Его чёрный давящий взгляд прожигает насквозь, подавляет, принуждает подчиниться. Я прикрываю глаза на мгновение, и делаю осторожный вздох, пытаясь усмирить бешено колотящееся сердце в груди, но все тщетно. Меня колотит и сотрясает от его ударов, потому что я понимаю, что натворила. Что меня обвели вокруг пальца, как наивное дитя, и я сама позволила это сделать. А теперь… Теперь придётся ответить. За свою непроходимую глупость. Тупость. За ложь.
Но сердце истекает кровью от обиды. Смириться с тем, что он невиновен, невероятно сложно.
— Если он был твоим другом… Когда-то… Если ты не забыл об этом, если не предавал его… То почему даже не пришёл на похороны?! — слова даются мне с трудом, в глазах собираются слезы. — Где ты был?! Когда был так нужен…
Стальная хватка на моем предплечье мгновенно ослабевает, и вскоре исчезает вовсе. Взгляд Баженова меняется. Становится удивлённым, даже недоуменным.
— Милка заболела, — рассеянно произносит он, разглядывая меня так, будто видит впервые. — Пневмония, температура под сорок. Я никуда не поехал.
По моим щекам градом катятся слезы. Я смотрю на него, и вижу, понимаю, насколько ошеломлён. Такие эмоции невозможно сыграть. Да и не похож он на актёра.
— Только попробуй ещё раз назвать его гандоном или как-то еще оскорбить… — хриплю я, с ненавистью глядя в его ошарашенные глаза. — Он не сам застрелился. Его убили, ясно? Я слышала разговор в участке, им то ли заплатили, то ли запугали, а может и то и другое сразу… Поэтому они и обставили все, как суицид…
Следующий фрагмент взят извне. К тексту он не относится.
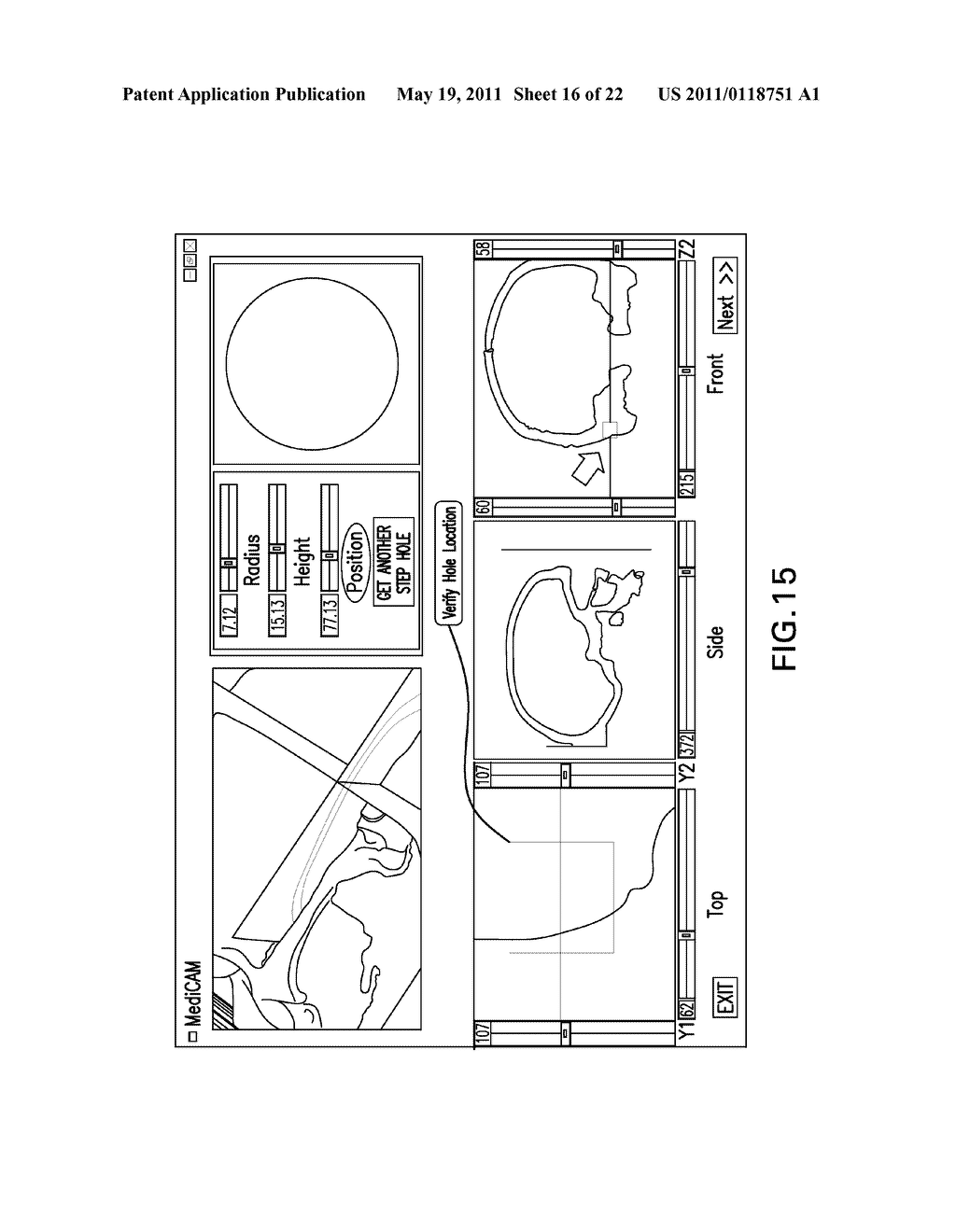 Integrated Surgical Cutting System - diagram, schematic, and image 17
— Алена? — голос Баженова звучит глухо, в глазах неверие, отрицание.
Я сглатываю, пытаясь успокоиться, но все тщетно. Сижу перед ним, словно обнаженная. Да почти так оно и есть… Ведь я без трусов. Потому что он порвал их. Прямо на мне. В треснувшем по швам платье. Потому что он крайне неаккуратно стягивал его с меня этой ночью. С заплаканным лицом, с опухшими от его поцелуев губами. Сижу, отчаянно борясь с рвущейся наружу истерикой. Не знаю, каким чудом это мне до сих пор удается.
Сглатываю слезы и выдавливаю из себя садистскую улыбку.
— Да, дядя Костя. Я Алена. Алена Черных.
27
Он молчит и смотрит на меня. На его лице больше невозможно прочесть ни единой эмоции, только взгляд очень острый, режет меня на куски, как тонкий нож из дамасской стали. А я продолжаю с вызовом смотреть ему в глаза, с неестественно растянутыми в подобие улыбки губами. Ожидаю своей казни. Я не сомневаюсь, что она будет. Здесь и сейчас. Когда он немного отойдёт от шока. И я боюсь её. Ужасно боюсь услышать то, что он мне скажет. Ещё больше боюсь, что не скажет ничего. Что просто уйдёт.